Data-data ini menunjukkan bahwa pertumbuhan jumlah mahasiswa di lembaga pendidikan ini sangat tergantung pada 2 hal. Pertama, jumlah seminari, baik seminari menengah maupun seminari tinggi di wilayah Nusa Tenggara.  Sampai dengan akhir tahun 1950-an, Lembaga pendidikan ini hanya bergantung dari satu seminari menengah yakni, Seminari Mataloko.  Sejak akhir tahun 1950-an sejumlah seminari menengah lain menyumbangkan tamatannya, yakni Seminari Menengah Hokeng, Lalian, Kisol, dan Tuka. Sejak pertengah tahun 1980-an dibangun sejumlah seminari menengah baru, yakni Seminari St. Rafael di Oepoi, Kupang, Seminari Sinar Buana di Weetebula, Seminari Yohanes Paulus II Labuan Bajo, Seminari Bunda Segala Bangsa, Maumere. Sebagian tamatan dari seminari-seminari memengah ini menjadi mahasiswa IFTK.

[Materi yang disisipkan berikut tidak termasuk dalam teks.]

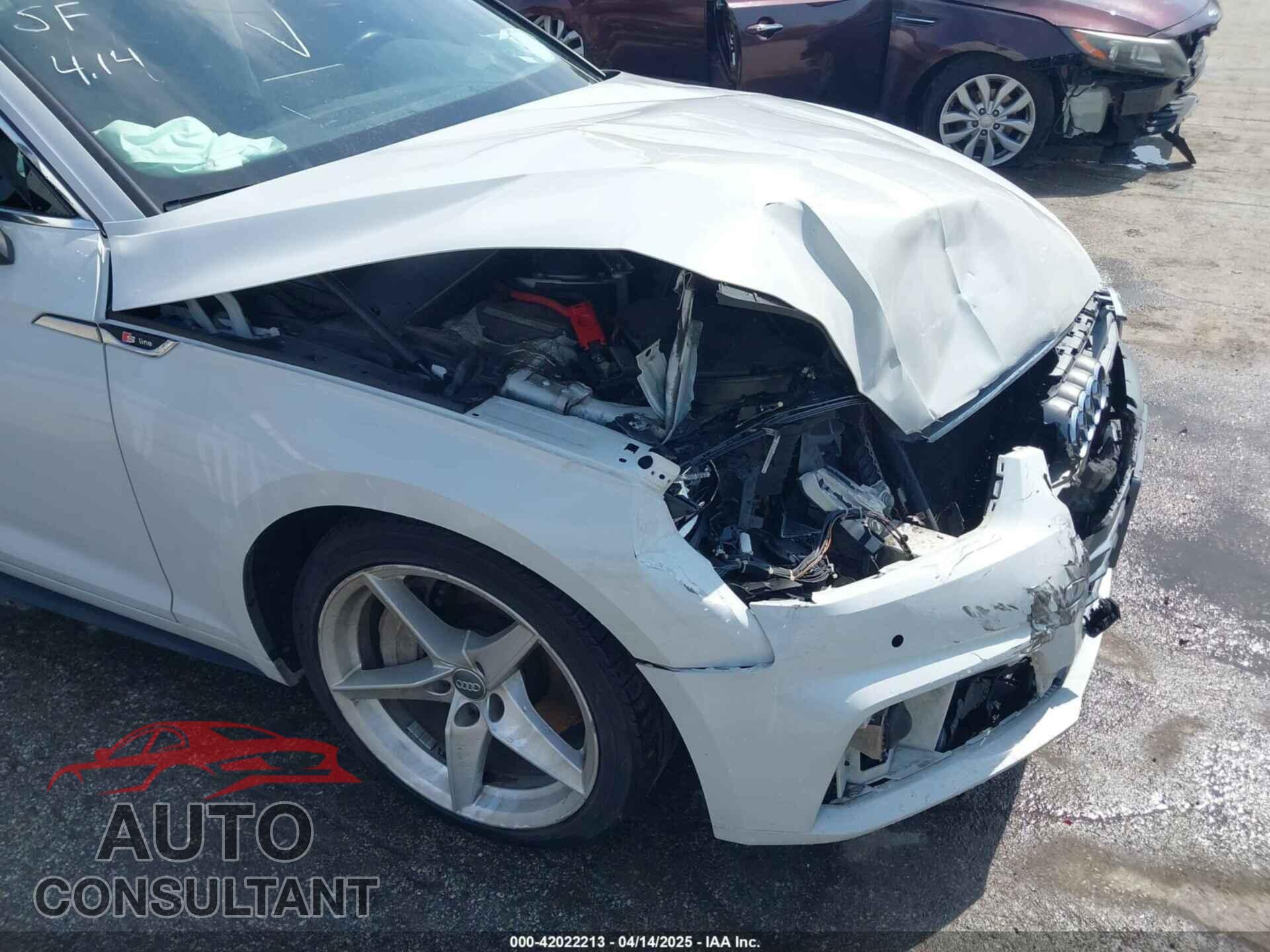 AUDI A5 2018 - WAUFNCF54JA040364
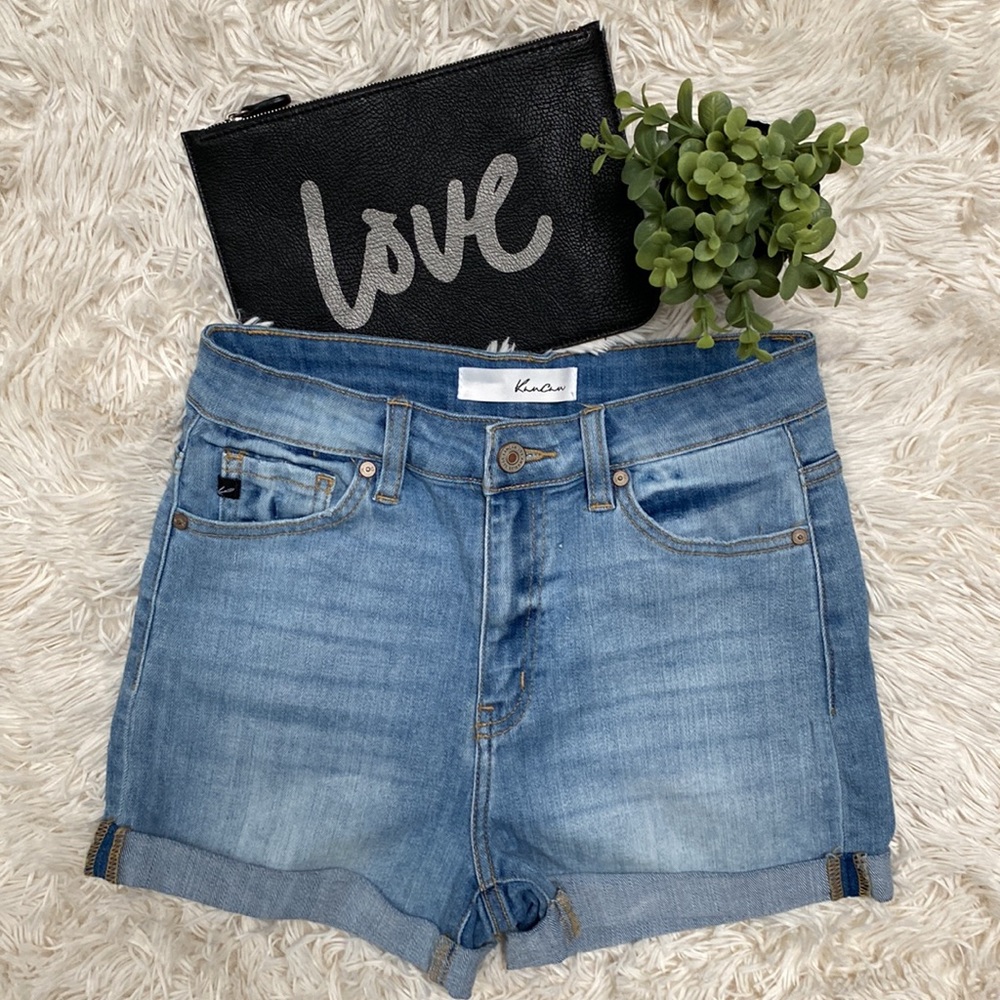 KanCan Rolled Hem Jean Shorts 💗 Medium Wash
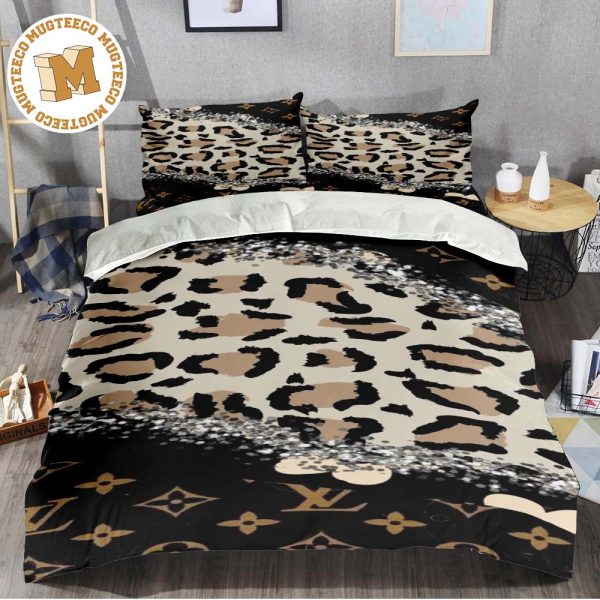 Louis Vuitton Glitter Comparation Of Leopard Print And Black And Golden Monogram Bedding Set Louis Vuitton Glitter Comparation Of Leopard Print And Black And Golden Monogram Bedding Set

Di samping seminari menengah, muncul juga sejumlah seminari tinggi di sekitar kampus Ledalero. Kebanyakan seminari-seminari tinggi ini menerima anggota baru dari tamatan SMA umum. Karena itu bisa dipahami kalau ada peningkatan jumlah mahasiswa baru.

Faktor kedua adalah keengganan mantan calon imam beralih ke bidang studi lain ketika berhenti sebagai calon imam. Walaupun dari segi peluang kerja, Filsafat dan Teologi tidak memberikan peluang yang besar, tetapi para mantan calon imam ini bertekun dengan bidang studi yang sudah digeluti karena sejumlah pertimbangan lain.

Dengan konsetrasi pada pendidikan calon imam, lembaga ini tidak akan mendapat banyak mahasiswa seperti di kebanyakan sekolah tinggi lain. Jumlah mahasiswa baru yang paling tinggi sekitar 200 orang dan total mahasiswa S1 dan S2 hanya sekitar 1000 orang. Dengan jumlah seperti ini IFTK tidak bisa membiayai dirinya sendiri dan dalam jangka panjang cenderung tidak bisa dipertahankan, apa lagi kalau angka panggilan mulai menurun.

DARI FLORES UNTUK MANCA NEGARA

Sebagai lembaga pendidikan khusus untuk para calon imam dan misionaris, tamatan IFTK tidak hanya bekerja di Indonesia, tetapi di manca negara. Untuk sejumlah serikat religius pengiriman misionaris ke pelbagai belahan dunia dari serikatnya bergantung dari tamatan di Ledalero. Dari kelompok SVD, sudah ada sekitar 500 misionaris yang bekerja di luar negeri sejak awal tahun 1980-an. Boleh dikatakan bahwa IFTK merupakan sumber tenaga misionaris di pelbagai belahan dunia, IFTK menjadi sumbangan Flores untuk manca negara.

Ketika tamatan Ledalero bisa bekerja dan menjadi pemimpin di manca negara, hal ini menunjukkan bahwa mutu pendidikan di IFTK sungguh menjanjikan. Di pihak lain kenyataan ini juga menuntut agar konteks global ikut diperhitungkan dalam penyusuan rencana dan praktek pendidikan di IFTK Ledalero.